- _To do_: Write down exactly the lines from the one below that has "Let us get back" to the end of the data, both ends included; the pictures should not appear in your copy.

========================================================================

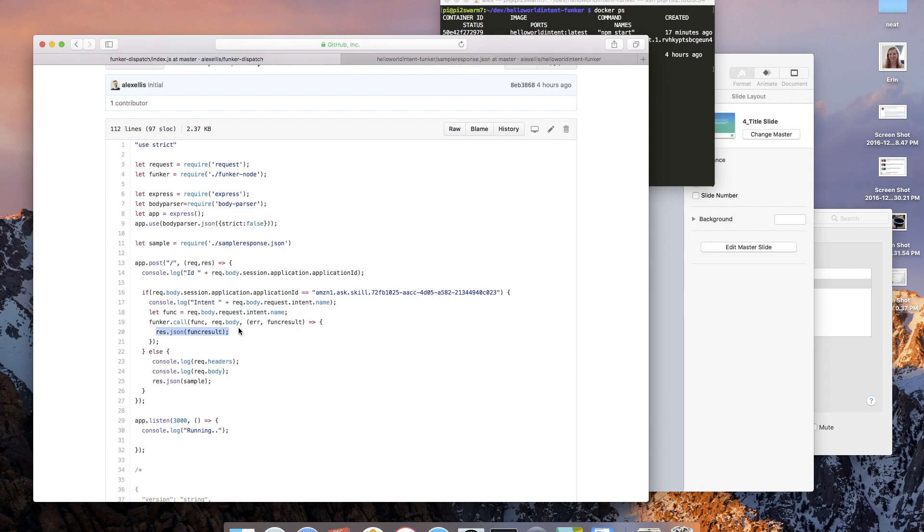And then we return the value back to the user. So let me give you a quick demo of that.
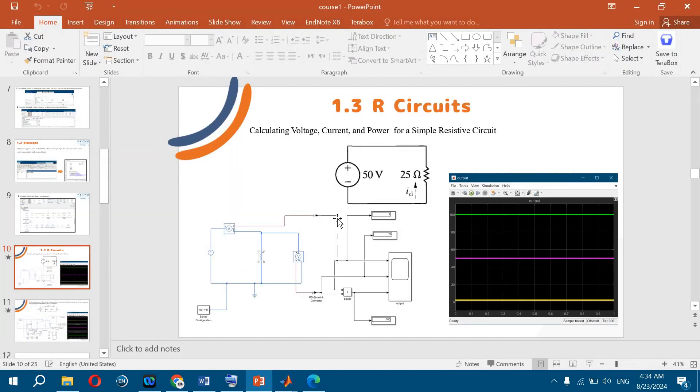Let us get back to our circuit: DC source set to 50 volts, resistor set to 25 ohms.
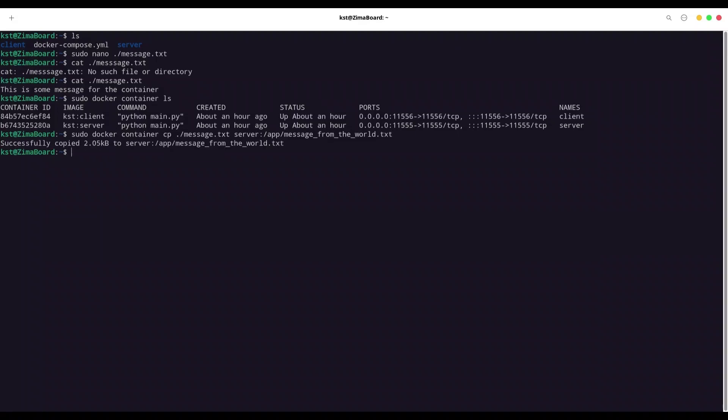And now I'm going to access file system of this container with sudo docker exec. I don't need to be root for now, but let's go with it. -u root -t -i server and /bin/bash. Let me check. Is it server? Yes,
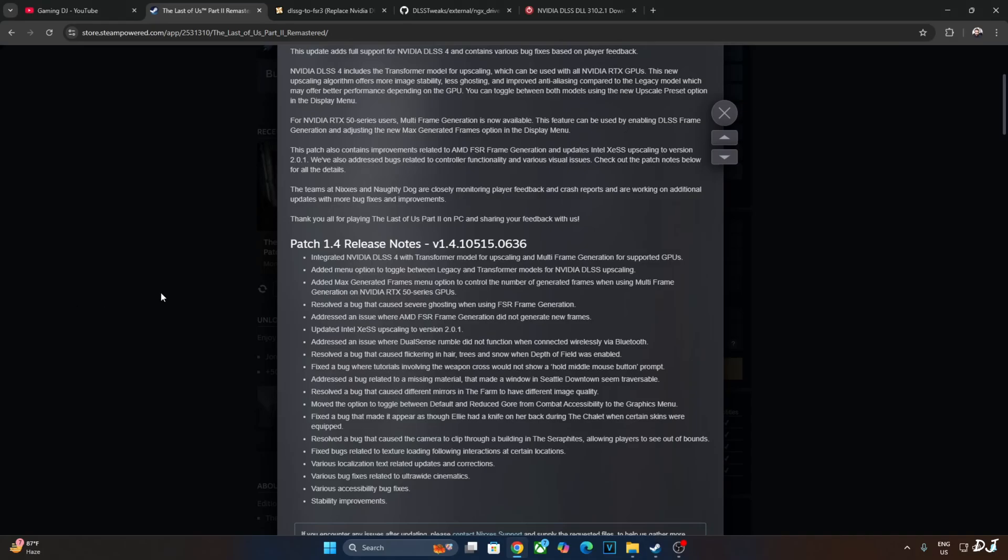Welcome back guys. The Last of Us Part 2 received a new update just a few hours ago in the form of patch 1.4. It includes many bug fixes and performance improvements.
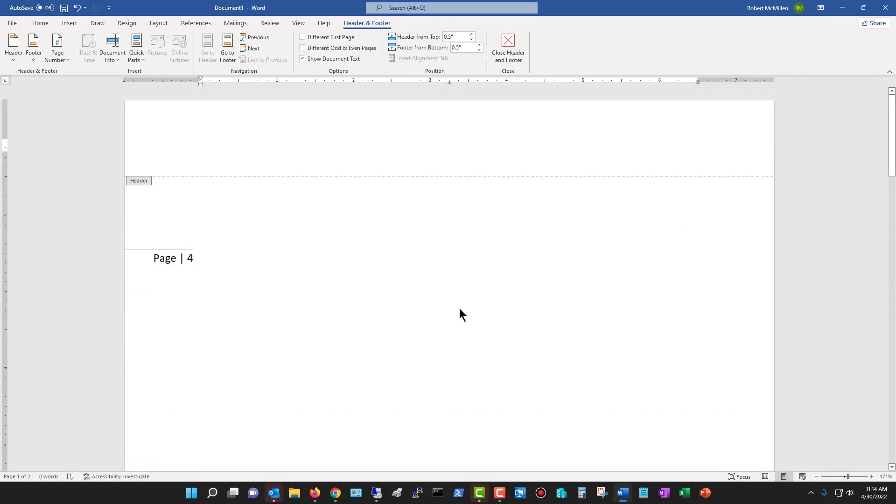So those are all the different options for adding in page numbers in Microsoft Word 2021.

========================================================================

- _Problem solution_:
Let us get back to our circuit: DC source set to 50 volts, resistor set to 25 ohms.
And now I'm going to access file system of this container with sudo docker exec. I don't need to be root for now, but let's go with it. -u root -t -i server and /bin/bash. Let me check. Is it server? Yes,
Welcome back guys. The Last of Us Part 2 received a new update just a few hours ago in the form of patch 1.4. It includes many bug fixes and performance improvements.
So those are all the different options for adding in page numbers in Microsoft Word 2021.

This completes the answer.